## Exercise aim
The whole listing below, with no pictures, is to be repeated as it stands.
+ + +
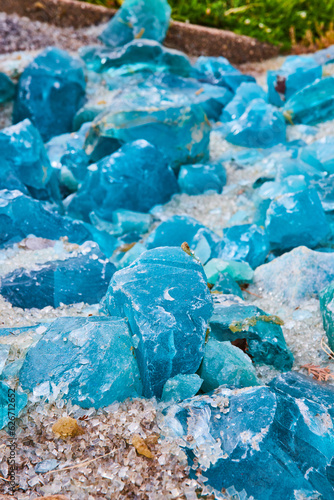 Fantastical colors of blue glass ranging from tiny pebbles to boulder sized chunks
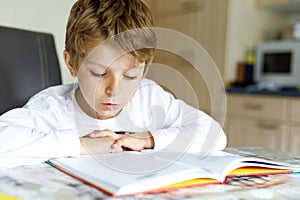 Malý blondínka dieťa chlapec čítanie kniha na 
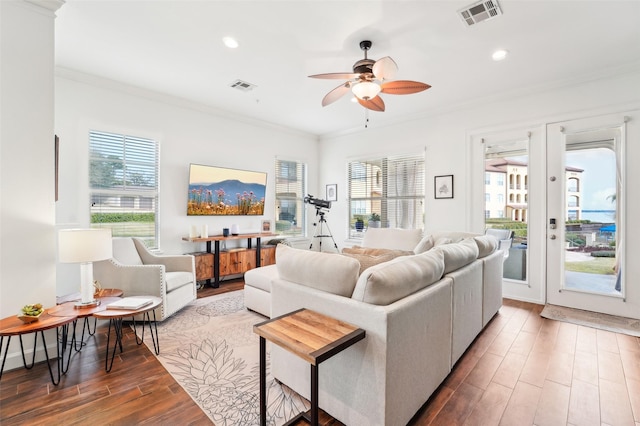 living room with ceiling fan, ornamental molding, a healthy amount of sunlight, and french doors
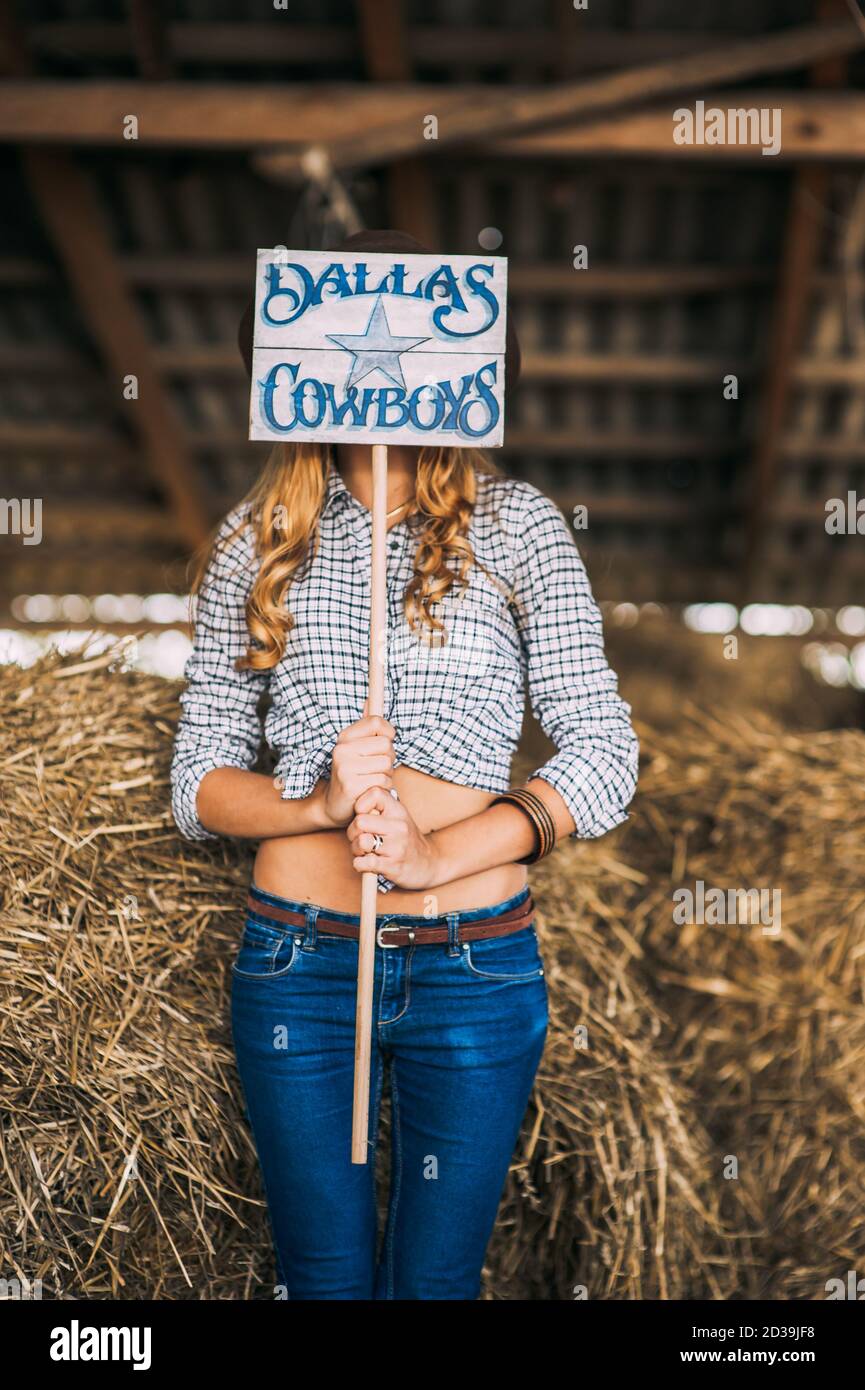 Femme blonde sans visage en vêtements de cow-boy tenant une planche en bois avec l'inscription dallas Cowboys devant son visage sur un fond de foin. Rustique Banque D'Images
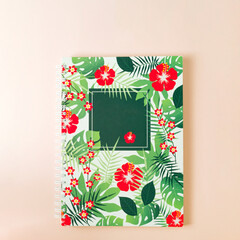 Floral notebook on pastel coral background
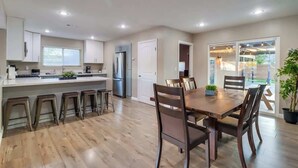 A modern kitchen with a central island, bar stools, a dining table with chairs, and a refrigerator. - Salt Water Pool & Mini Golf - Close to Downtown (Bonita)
+ + +
## Result
 Fantastical colors of blue glass ranging from tiny pebbles to boulder sized chunks
 Malý blondínka dieťa chlapec čítanie kniha na 
 living room with ceiling fan, ornamental molding, a healthy amount of sunlight, and french doors
 Femme blonde sans visage en vêtements de cow-boy tenant une planche en bois avec l'inscription dallas Cowboys devant son visage sur un fond de foin. Rustique Banque D'Images
 Floral notebook on pastel coral background
 A modern kitchen with a central island, bar stools, a dining table with chairs, and a refrigerator. - Salt Water Pool & Mini Golf - Close to Downtown (Bonita)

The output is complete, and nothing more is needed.